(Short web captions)

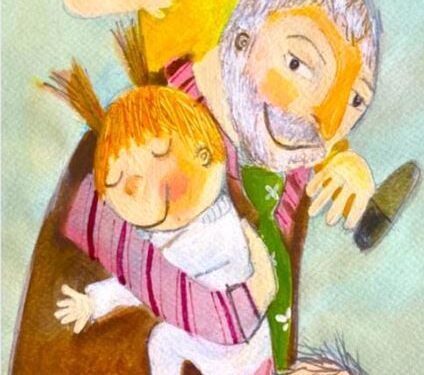 Un libro bilingue dedicato al maestro Mario Grosso, realizzato da Valentina Bott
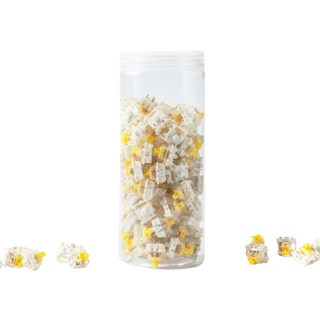 키크론 액세서리 게이트론 G Pro 3.0 스위치 110p, 황축, G183, 황축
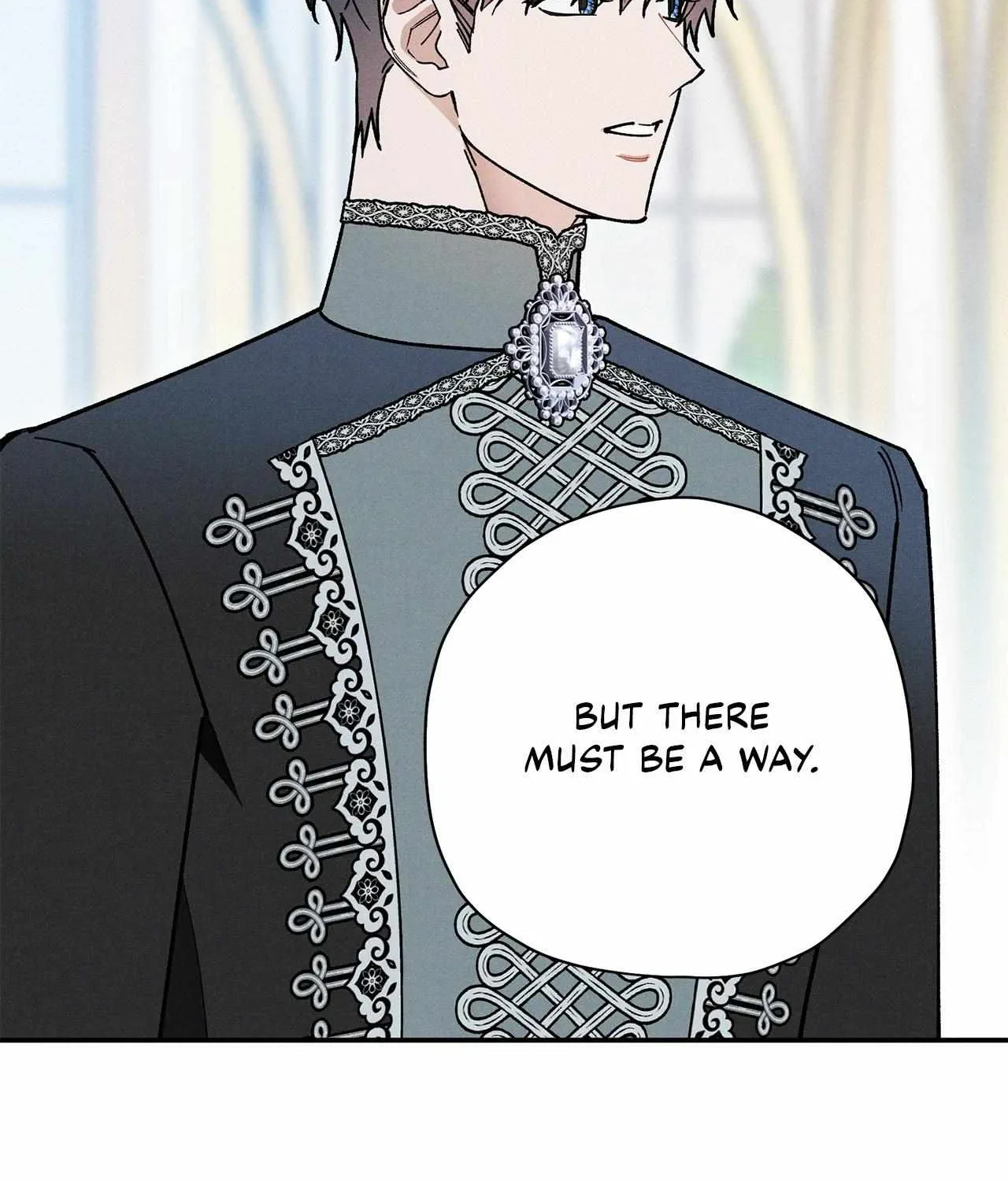 The Rogue Prince Is Secretly an Omega Chapter 49 page 22 - 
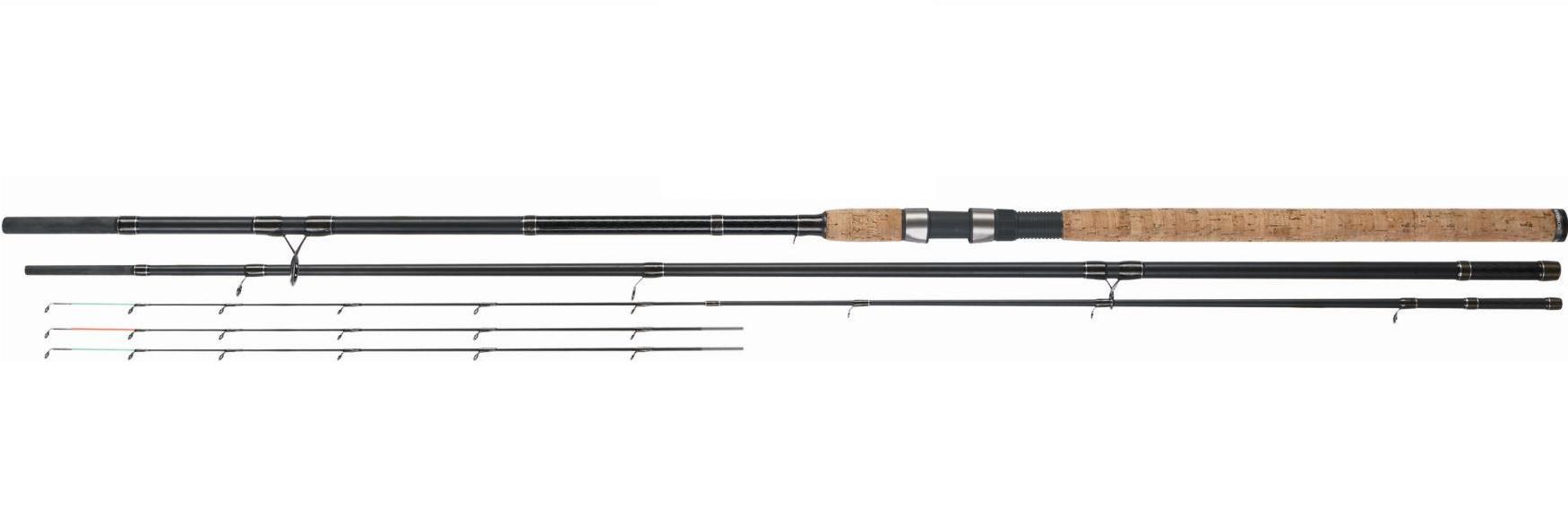 KONGER GRANDIS feeder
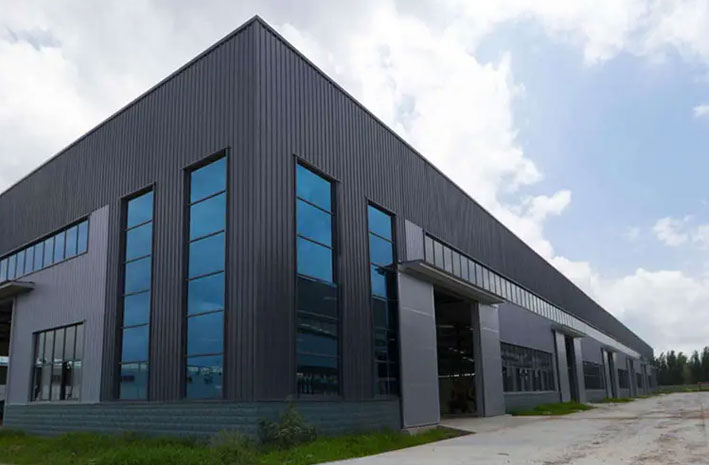 金大地良種科研機械設(shè)備廠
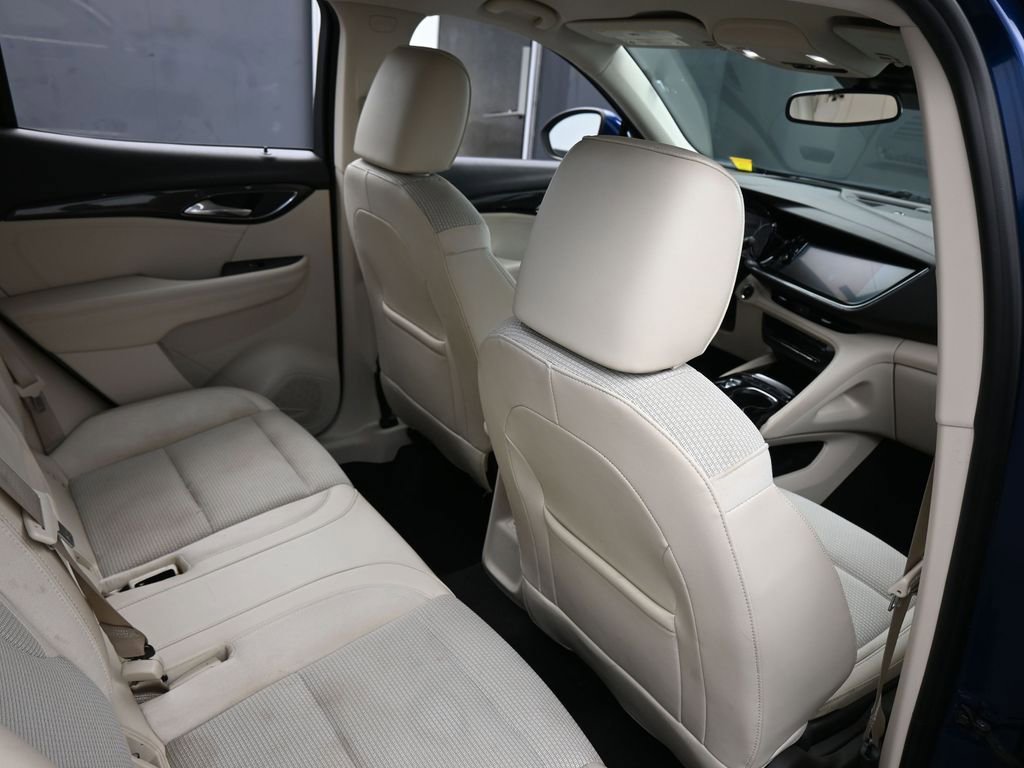 Used 2023 Buick Envision Preferred image 44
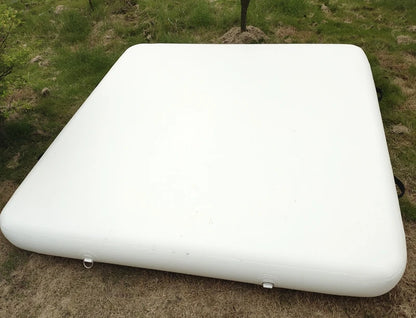 Inflatable Floating Dock Platform Drop Stitch Jet Ski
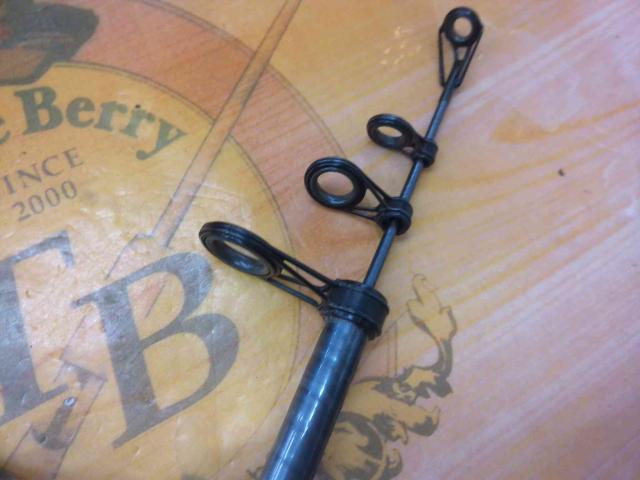 パワーループアクシス 30-400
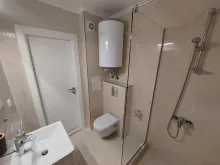 санвузел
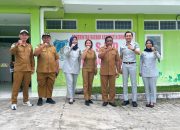 Jasa Raharja Sulteng dan RS Pendau Tambu Perkuat Koordinasi Penanganan Korban Kecelakaan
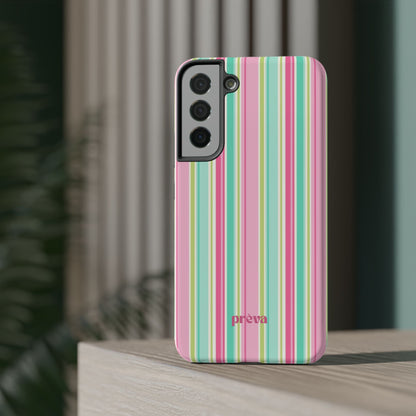 Alana Stripes Phone Case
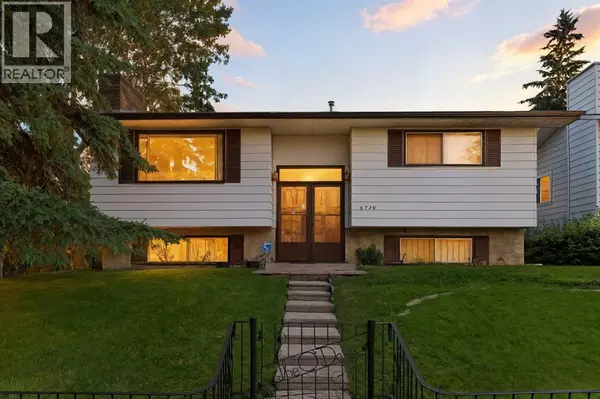 5720 Madigan Drive NE, Calgary, AB T2A4P5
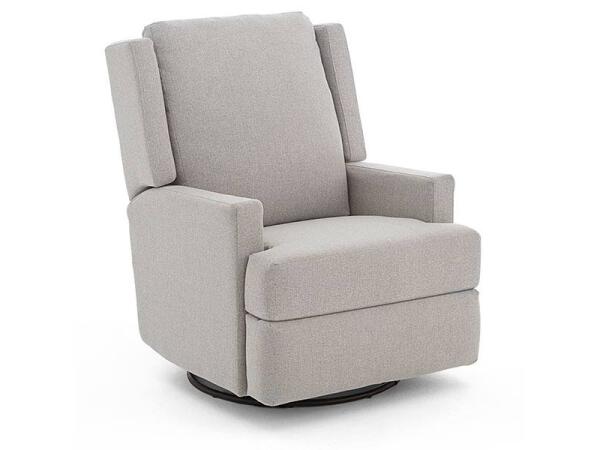 Pauley Recliner Recliners Best Home Furnishings 7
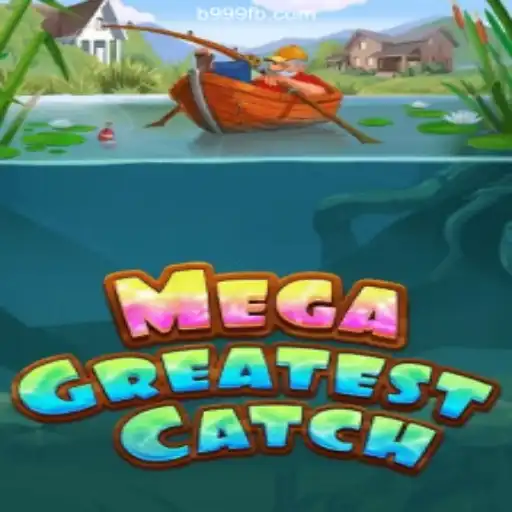 MegaGreatestCatch: A Deep Dive into Brazil’s #1 Online Slot Game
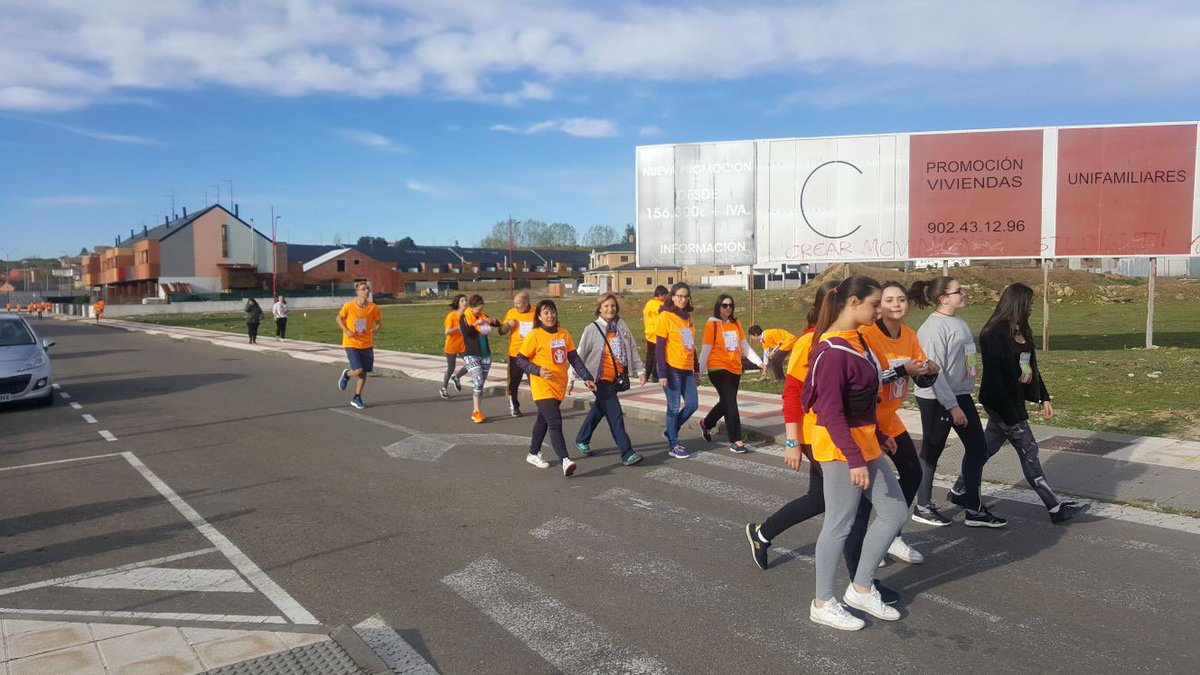 aytosanandres's tweet photo. Enhorabuena al @iessanandres por la carrera solidaria a favor de @savetheChildren . ¡Qué orgullosos estamos de l@s chic@s de #SanAndres! https://t.co/kIHT1LybaD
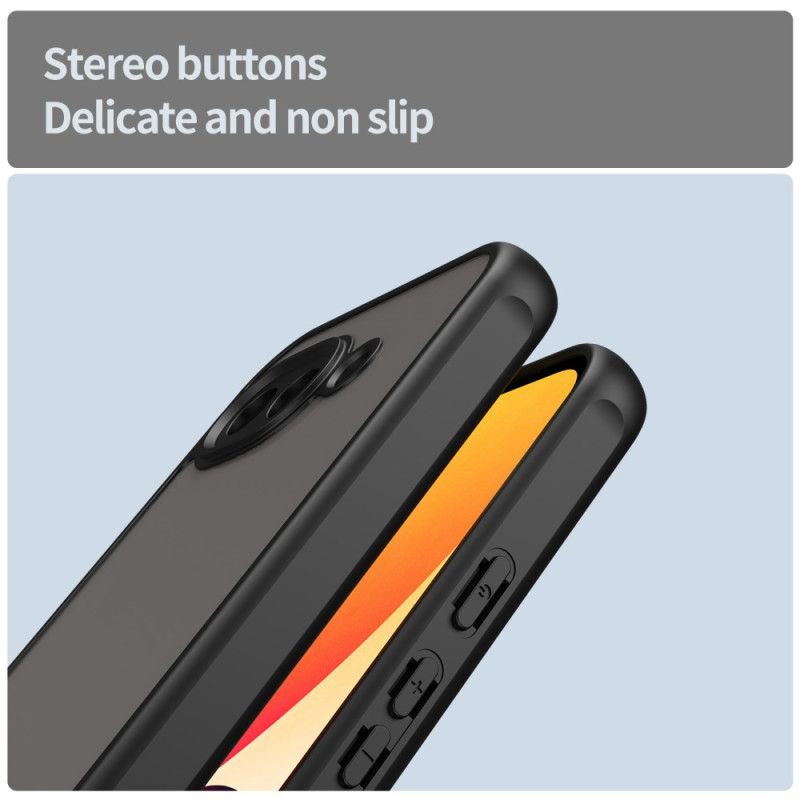 Kryt Google Pixel 10a Odolné Proti Nárazům S Airbagy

**WHAT NEEDS TO BE DONE:** Copy exactly, and only, the lines from the first entry through the line holding "金大地良種科研機械設(shè)備廠", both ends included, leaving out every picture.

**FINAL ANSWER:**
 Un libro bilingue dedicato al maestro Mario Grosso, realizzato da Valentina Bott
 키크론 액세서리 게이트론 G Pro 3.0 스위치 110p, 황축, G183, 황축
 The Rogue Prince Is Secretly an Omega Chapter 49 page 22 - 
 KONGER GRANDIS feeder
 金大地良種科研機械設(shè)備廠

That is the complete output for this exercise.